Records from a collection
============
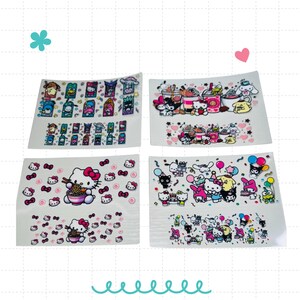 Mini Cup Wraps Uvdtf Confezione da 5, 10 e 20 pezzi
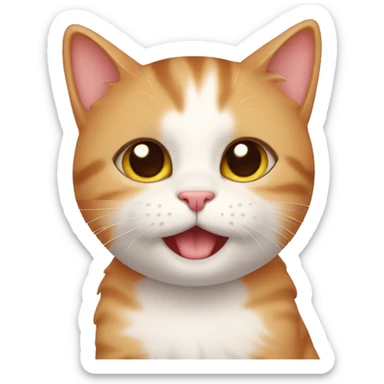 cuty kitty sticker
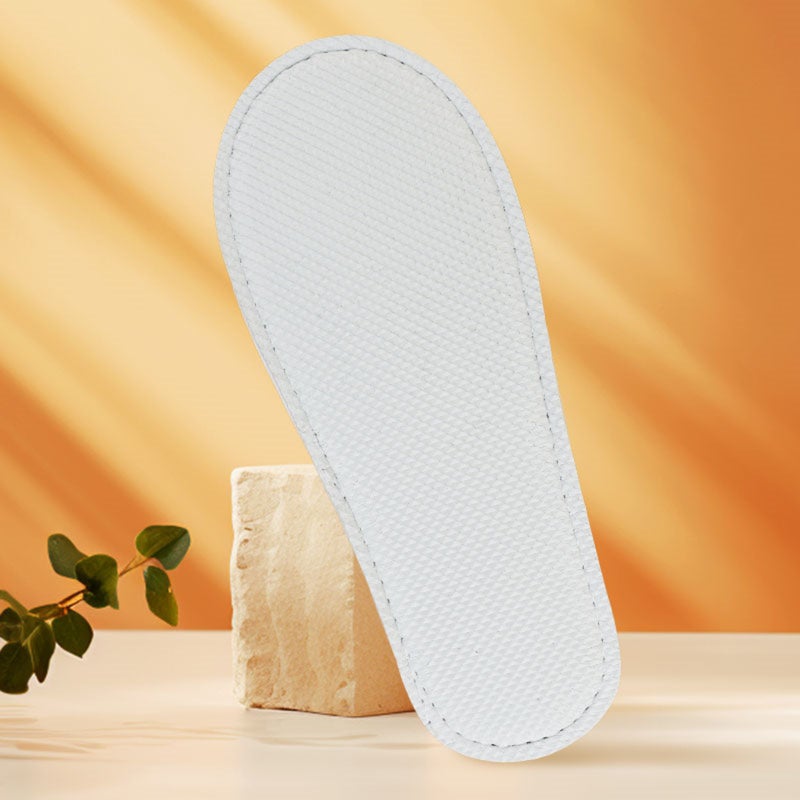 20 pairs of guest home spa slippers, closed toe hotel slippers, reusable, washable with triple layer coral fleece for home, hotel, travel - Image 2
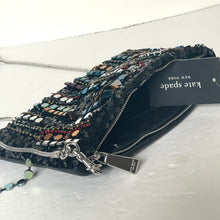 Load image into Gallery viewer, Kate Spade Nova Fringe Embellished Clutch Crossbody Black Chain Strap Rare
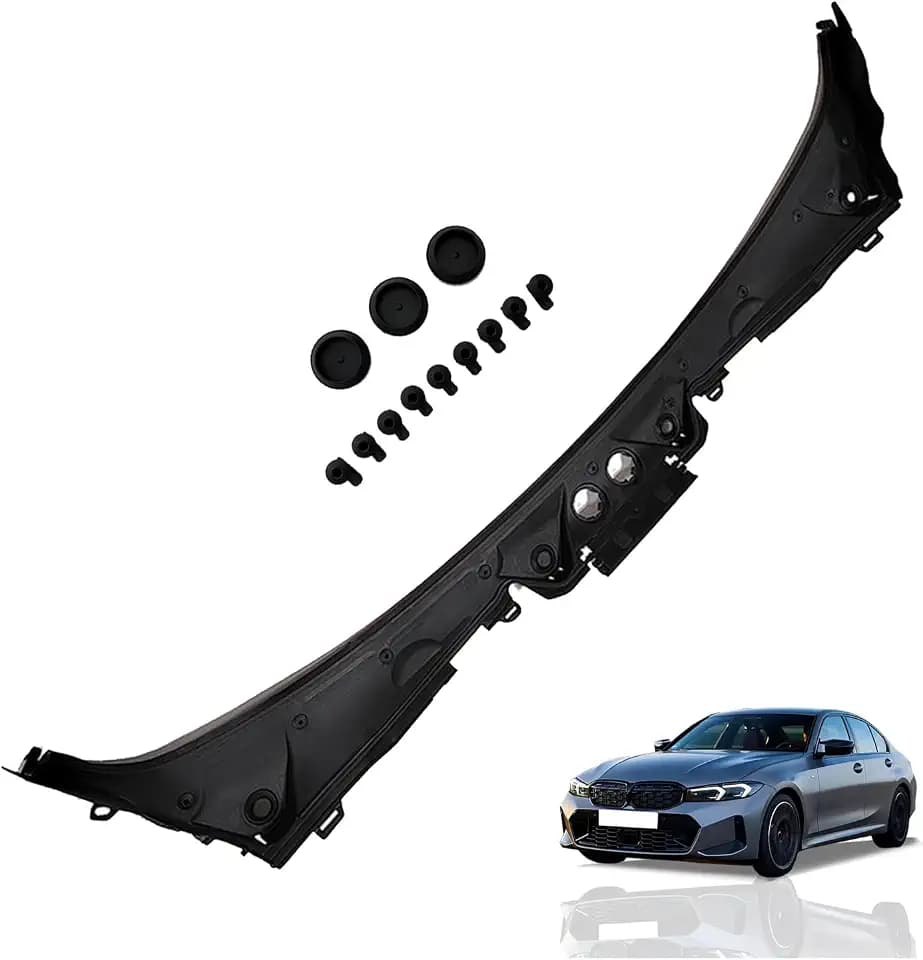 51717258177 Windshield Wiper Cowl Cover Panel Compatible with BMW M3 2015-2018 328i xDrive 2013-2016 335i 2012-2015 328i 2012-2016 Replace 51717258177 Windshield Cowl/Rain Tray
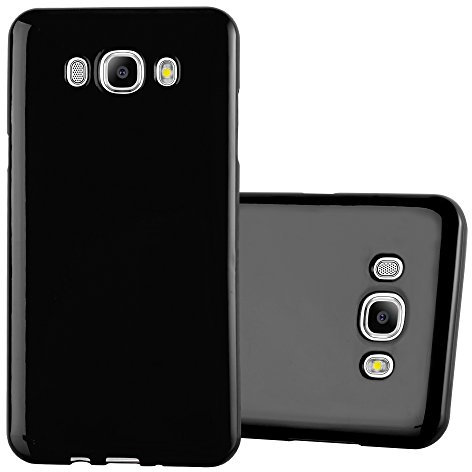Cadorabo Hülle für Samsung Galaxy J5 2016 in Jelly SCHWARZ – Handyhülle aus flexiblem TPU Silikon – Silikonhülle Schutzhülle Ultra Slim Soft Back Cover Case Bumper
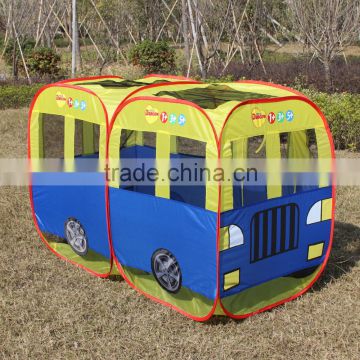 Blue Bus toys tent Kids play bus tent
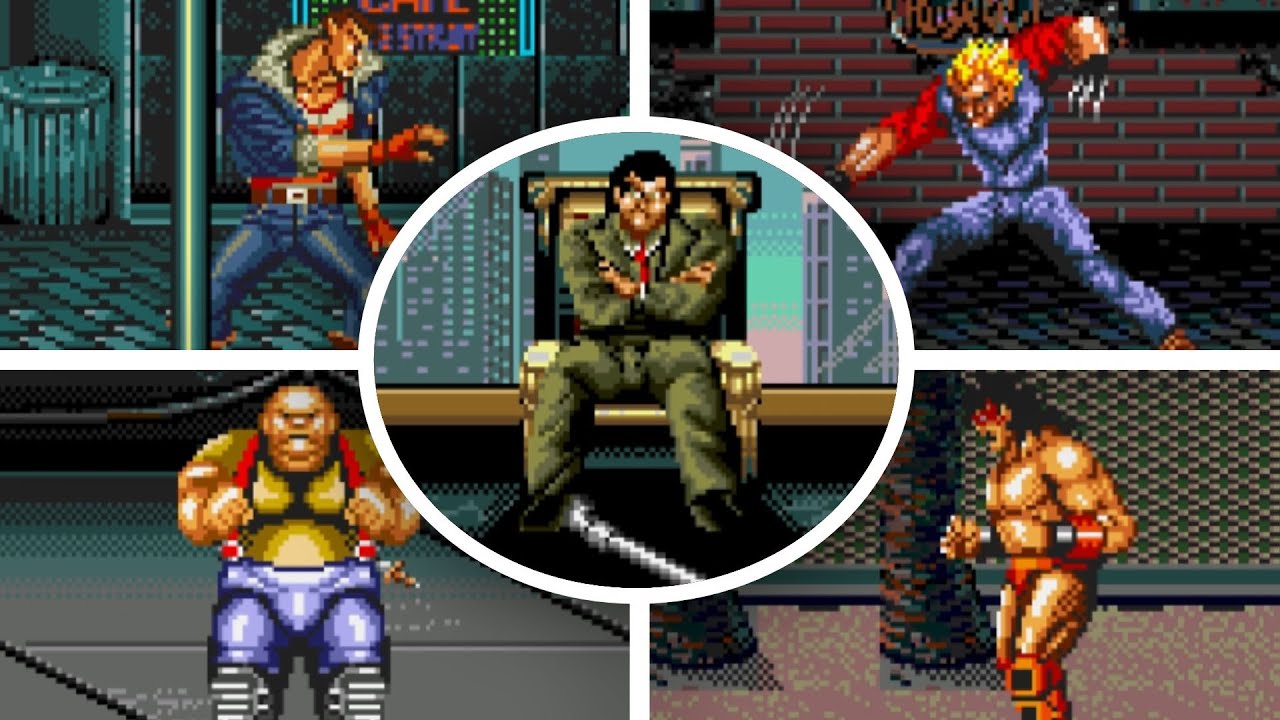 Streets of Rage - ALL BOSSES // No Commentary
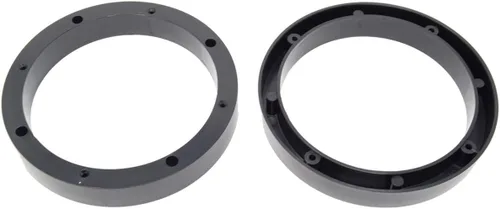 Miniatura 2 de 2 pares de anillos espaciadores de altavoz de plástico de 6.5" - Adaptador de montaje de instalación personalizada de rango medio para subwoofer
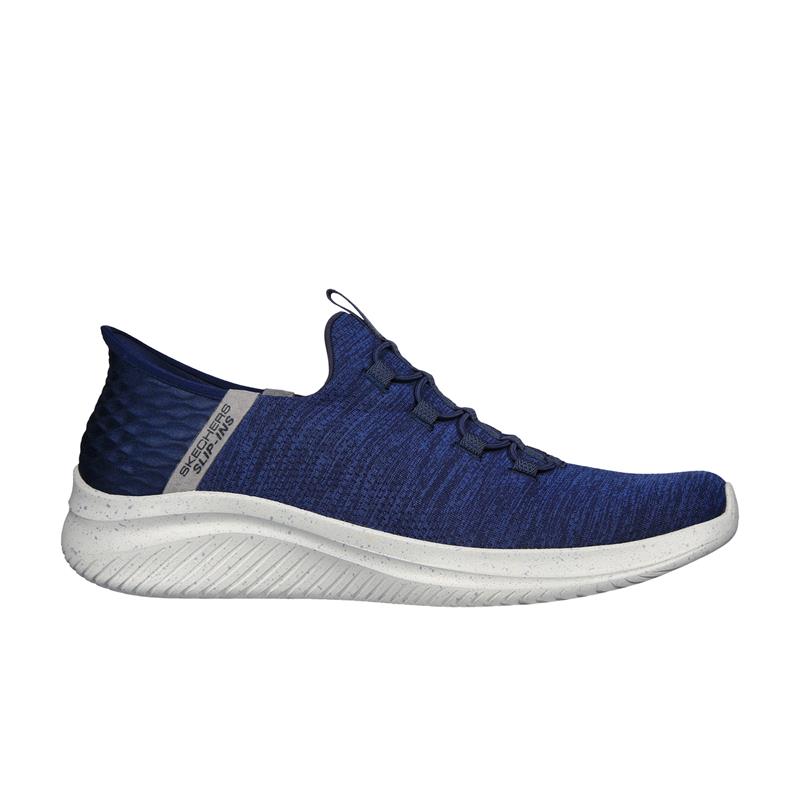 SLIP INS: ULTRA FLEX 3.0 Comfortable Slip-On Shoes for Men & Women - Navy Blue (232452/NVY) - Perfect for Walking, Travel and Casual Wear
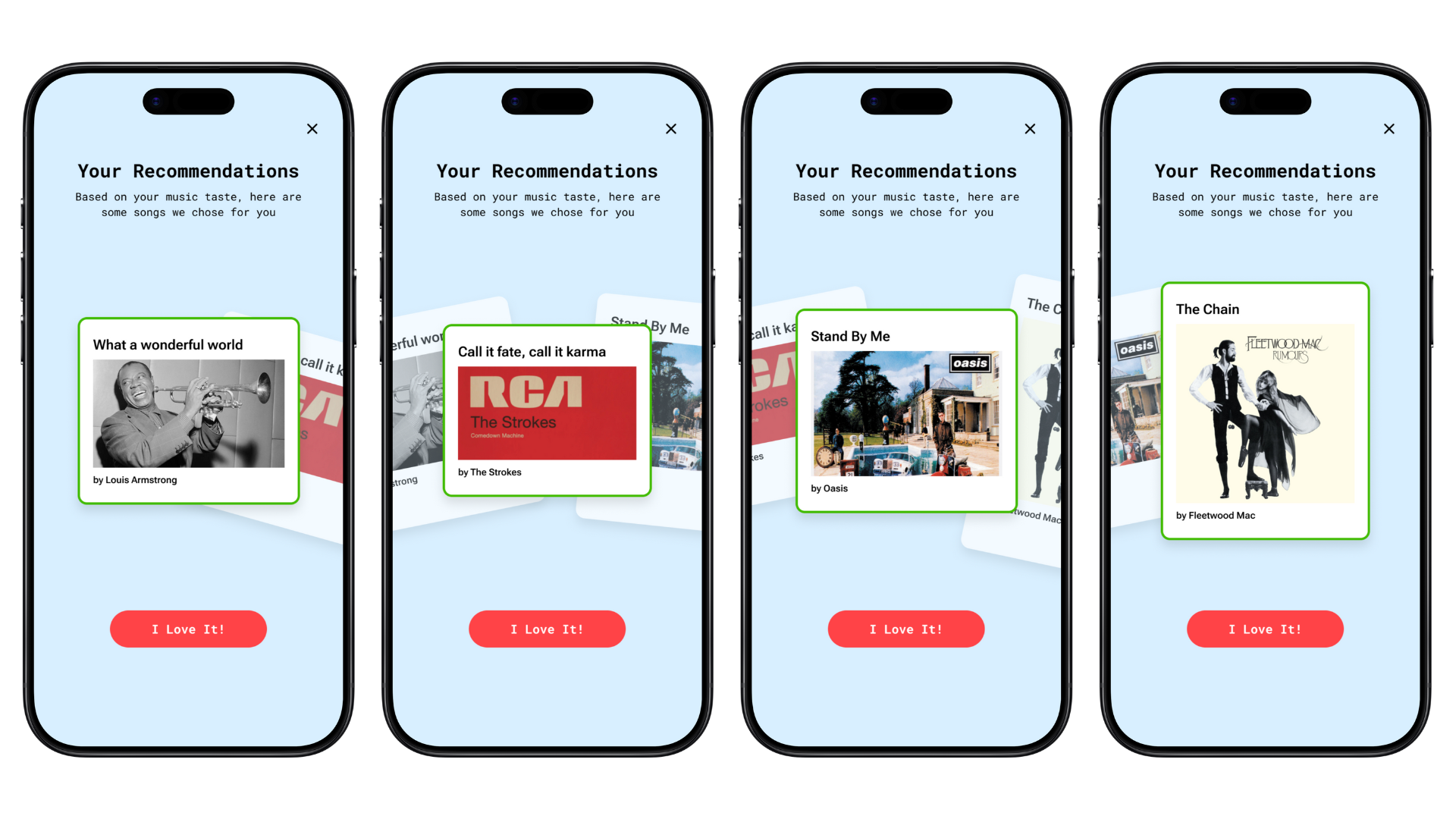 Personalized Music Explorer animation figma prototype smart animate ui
============
TASK DESCRIPTION
Set down every entry word for word, but omit the pictures.

OUTPUT BELOW
 Mini Cup Wraps Uvdtf Confezione da 5, 10 e 20 pezzi
 cuty kitty sticker
 20 pairs of guest home spa slippers, closed toe hotel slippers, reusable, washable with triple layer coral fleece for home, hotel, travel - Image 2
 Load image into Gallery viewer, Kate Spade Nova Fringe Embellished Clutch Crossbody Black Chain Strap Rare
 51717258177 Windshield Wiper Cowl Cover Panel Compatible with BMW M3 2015-2018 328i xDrive 2013-2016 335i 2012-2015 328i 2012-2016 Replace 51717258177 Windshield Cowl/Rain Tray
Cadorabo Hülle für Samsung Galaxy J5 2016 in Jelly SCHWARZ – Handyhülle aus flexiblem TPU Silikon – Silikonhülle Schutzhülle Ultra Slim Soft Back Cover Case Bumper
 Blue Bus toys tent Kids play bus tent
 Streets of Rage - ALL BOSSES // No Commentary
 Miniatura 2 de 2 pares de anillos espaciadores de altavoz de plástico de 6.5" - Adaptador de montaje de instalación personalizada de rango medio para subwoofer
 SLIP INS: ULTRA FLEX 3.0 Comfortable Slip-On Shoes for Men & Women - Navy Blue (232452/NVY) - Perfect for Walking, Travel and Casual Wear
 Personalized Music Explorer animation figma prototype smart animate ui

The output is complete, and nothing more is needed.